Yoldaşlar, bu yazıyı sizlere gurbetin yollarında yaşadıklarımı, yüreğime çöken Diaspora Sendromu'nun karanlığını ve Anadolu'ya olan özlemimi paylaşmak için kaleme alıyorum.
Anadolu'dan kopup Hollanda'ya göç ettiğimizde, geride kalan sadece topraklar, evler ve aileler değil, aynı zamanda kimliğimizin birer parçasıydı. Yıllar boyunca bu kopuşun acısını yüreğimde taşıdım, gurbetin soğuk duvarlarına yasladım.
Hollanda'da yeni bir hayat kurmak kolay olmadı. Dominant bir toplumun içinde kendimizi var etmeye çalışırken, kimlik bunalımı ve aidiyetsizlik duygularıyla boğuştuk. Her adımda karşılaşılan önyargılar ve engeller, Diaspora Sendromu'nun pençelerini daha da sıkılaştırdı.

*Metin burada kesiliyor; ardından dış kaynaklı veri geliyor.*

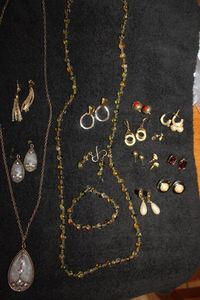 lot 372 image: Jewelry Womens, Necklaces, Earrings and Bracelets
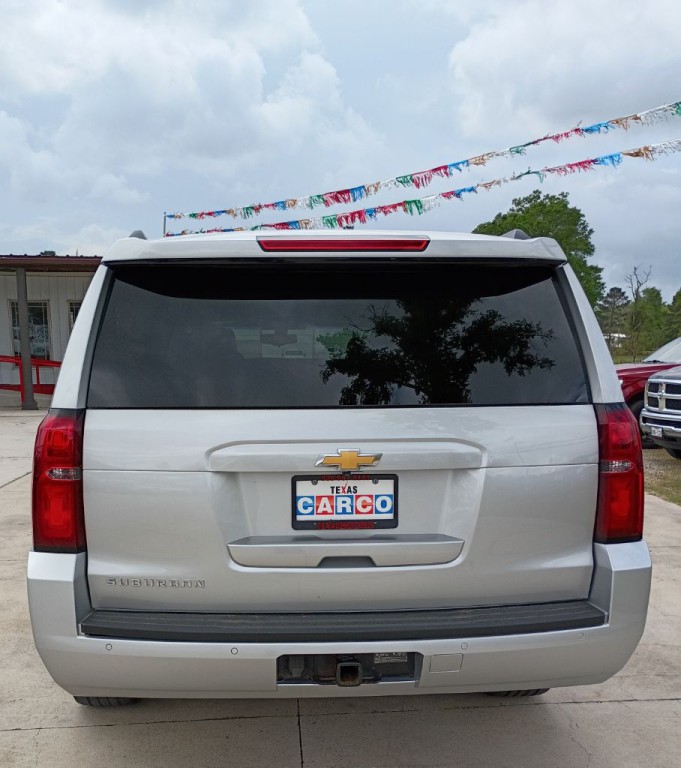 2016 Chevrolet Suburban Image 4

Birçok kez kendimi "Hollandalı mı, Türk mü, yoksa neyim?" diye sorguladım. Bu sorunun cevabını bulmak için yıllarca çabaladım. Sonunda anladım ki, bu bir "ya ya da" sorusu değildi. Ben her ikisiydim de; hem gurbetçi bir Türk, hem de Hollanda'da kök salmaya çalışan bir birey.
Yıllar geçtikçe Diaspora Sendromu'nun etkilerini daha da derinden hissettim. Her ne kadar Hollanda'da iyi bir hayat kurmuş olsam da, kalbim hala Anadolu'da atıyordu. Anadolu'nun tozlu sokaklarında koştuğum çocukluk günlerimi, ailemin sevgi dolu bakışlarını ve köyümün huzurlu atmosferini özlüyorum.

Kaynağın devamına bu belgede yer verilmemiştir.